“You don’t live on this planet,” he retorted. “What you’re saying is a fairy tale.”
The clash came against the backdrop of a political firestorm over Merz’s decision to try to use votes from the far-right Alternative for Germany (AfD) to push tough immigration proposals through the Bundestag.
The move weakened Germany’s long-standing “firewall” against the far right, in place since World War II. Scholz seized on the controversy to warn that Merz was normalizing the far right. “I seriously fear you would consider a coalition with the AfD after the election,” he said.
Merz denied the charge that his conservatives have cooperated with the AfD, or would form a coalition with the party: “Let me say this once again, very clearly and explicitly, also to those who may wish otherwise: There will be no cooperation.”
Later in the debate, Merz faulted Scholz’s left-leaning government for enabling the AfD’s sharp rise in the polls, calling the party a “serious threat to our democracy,” and blaming the policies of Scholz, together with those of the Greens for allowing it to happen. “There has long been no majority for left-wing politics in this country,” he said.

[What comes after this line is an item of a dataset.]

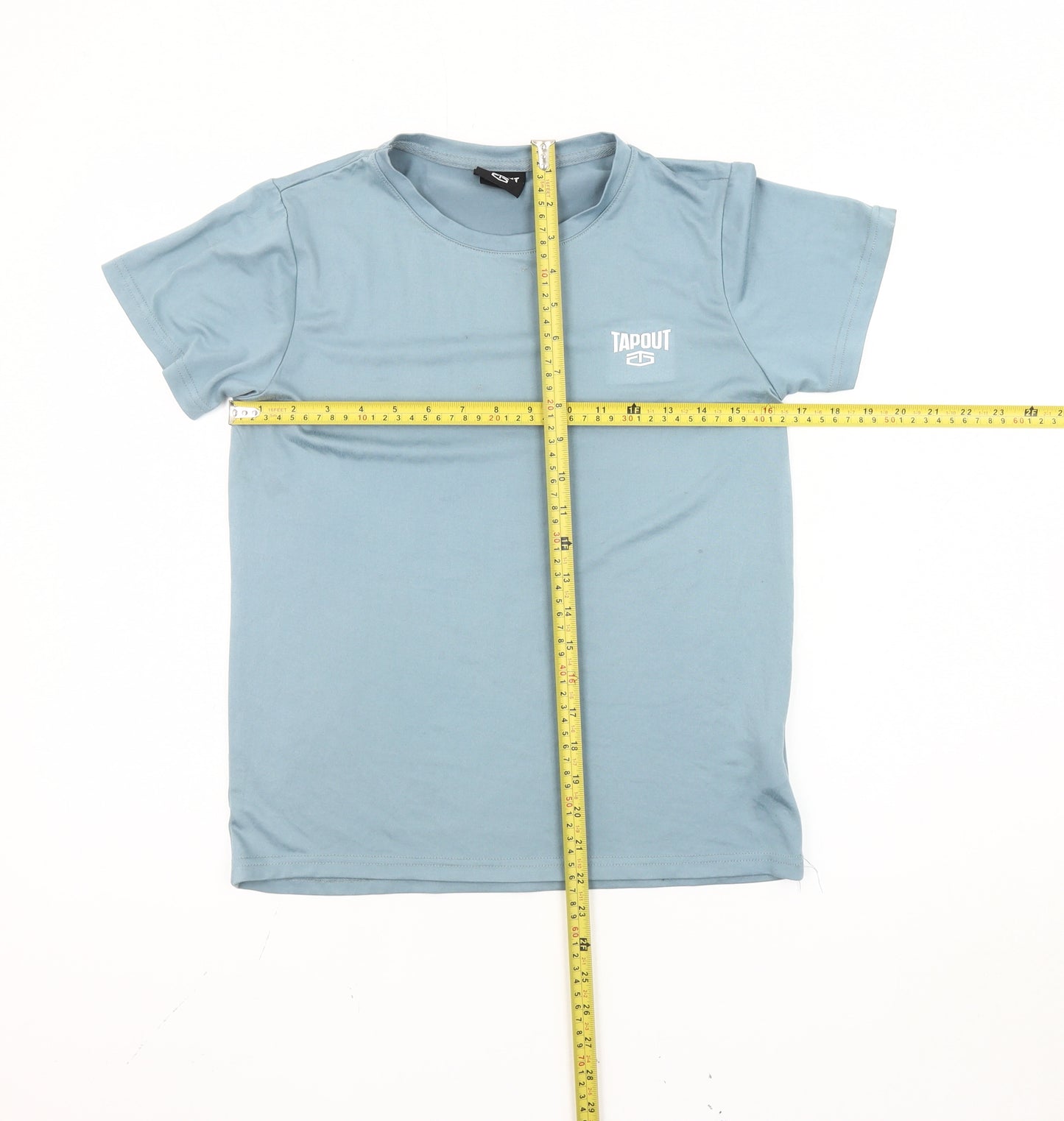 Tapout Boys Blue 9-10 Yrs Regular Fit Short Sleeve Crew Neck T-Shirt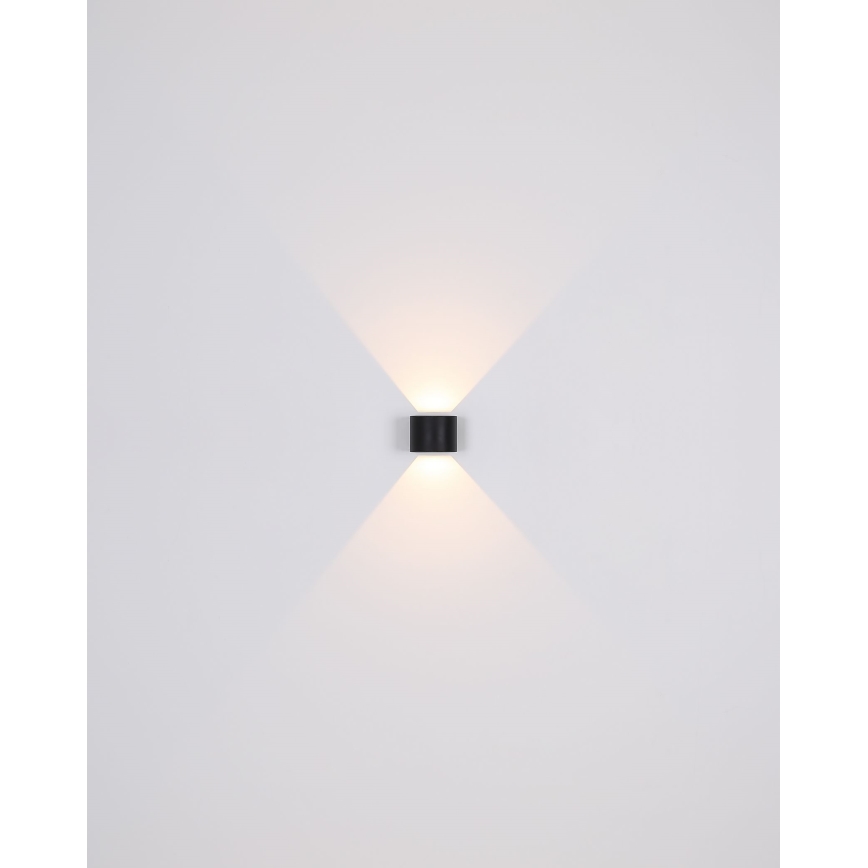 Globo - LED-ulkoseinävalaisin 2xLED/3W/230V IP44 musta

With Scholz’s Social Democratic Party (SPD), polling in third place, far behind Merz’s leading conservatives, the debate represented one of Scholz’s last chances to fundamentally alter the outlines of the race. The two leaders clashed on economic and budget polices in particular, with Merz arguing for broad tax cuts and greater fiscal discipline, while Scholz depicted such policies as favoring the rich.